O jardim zoológico do parlamento catalão

Ir ao parlamento da Catalunha é uma experiência e tanto, dentro do terreno da sede da democracia está também o jardim zoológico. Quando comento o facto ao taxista, ele sorri e diz: «olhe que aqui, como em muitos países, os animais às vezes encontram-se dentro do parlamento». O plenário encontra-se quase encerrado. As comissões de trabalho fechadas, mas os deputados do Ciudadanos, que se opõem ao referendo, continuam a ocupar o seu posto de trabalho.

A deputada Sonia Sierra afirma ao SOL que nunca mas nunca poderá aceitar um referendo ilegal. E que não é possível fazer uma democracia violando as leis de todos. «A legalidade é o garante que os cidadãos não são vítimas dos governantes de turno». Os independentistas estão a querer partir Espanha acicatando ódios e uma falsa divisão entre as pessoas.
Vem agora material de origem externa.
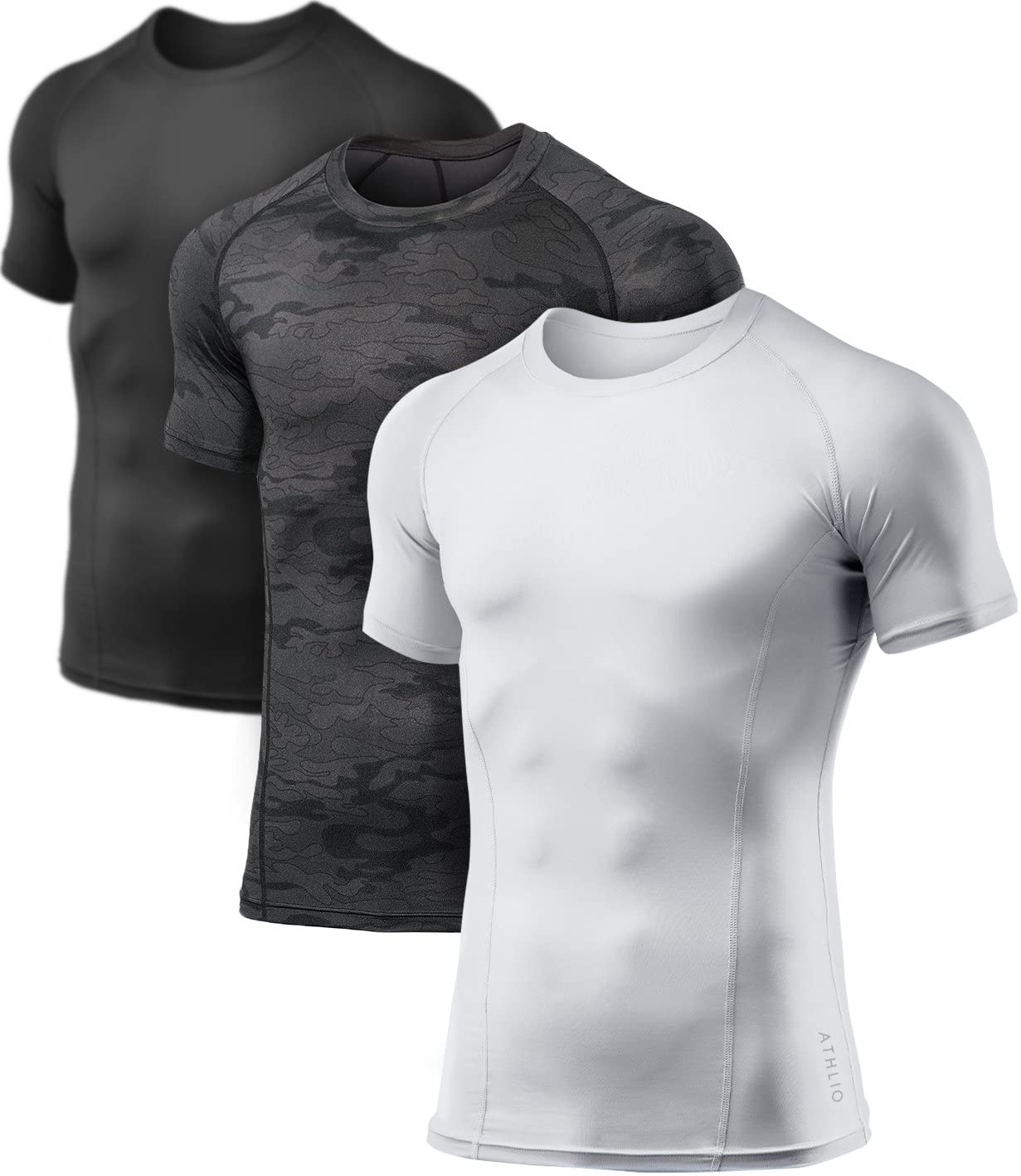 ATHLIO Men's Cool Dry Short Sleeve Compression Shirts, Sports Baselayer T-Shirts Tops, Athletic Workout Shirt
Garante que há uma imensa maioria silenciosa que é contra os independentistas: «mais de 70% das pessoas daqui afirmam-se nas sondagens como espanholas e também como catalães». Quando lhe lembro que há sondagens que também dizem que 80% dos catalães são favoráveis ao direito dos catalães decidirem se querem ser independentes, responde com graça que há sondagens e sondagens, «a maioria também diz que vê  documentários na televisão sobre animais, e o que veem são programas de telelixo». 

Na sexta-feira, nos últimos pronunciamentos das pessoas, centenas de tratores desfilaram pelas ruas de Barcelona com bandeiras independentistas. Há helicópteros da Guarda Civil a sobrevoar o céu da cidade. Ouve-se o bater das hélices em muitas zonas. Nas redes sociais, o defesa do Barcelona Gerard Piqué deixa um apelo ao voto, mas pede calma: «Expressemo-nos pacificamente. Não lhes vamos dar desculpas. É preciso votar e cantar bem alto e forte a nossa vontade».

Enquanto passeava, cruzei-me com quatro raparigas, três levavam, à laia de capa, a bandeira independentista estrelada catalã e uma delas a espanhola. Respondeu-me esta última: «faço-o, com as minhas amigas, porque esta é a minha opinião. Se tivesse idade quereria um referendo para dizer que quero ser espanhola», isto dito, perante as piadas das outras amigas. Vamos ver se no domingo vai ser assim o tom.

Adrian Alsina, o descendente de portugueses, que é um dos organizadores da Assembleia Nacional da Catalunha, tem essa esperança: «Espero que os Mossos de Esquadra defendam a paz e que os polícias que veem de outros lados de fora da Catalunha percebam que este é um ato pacífico de um povo a escolher o seu destino».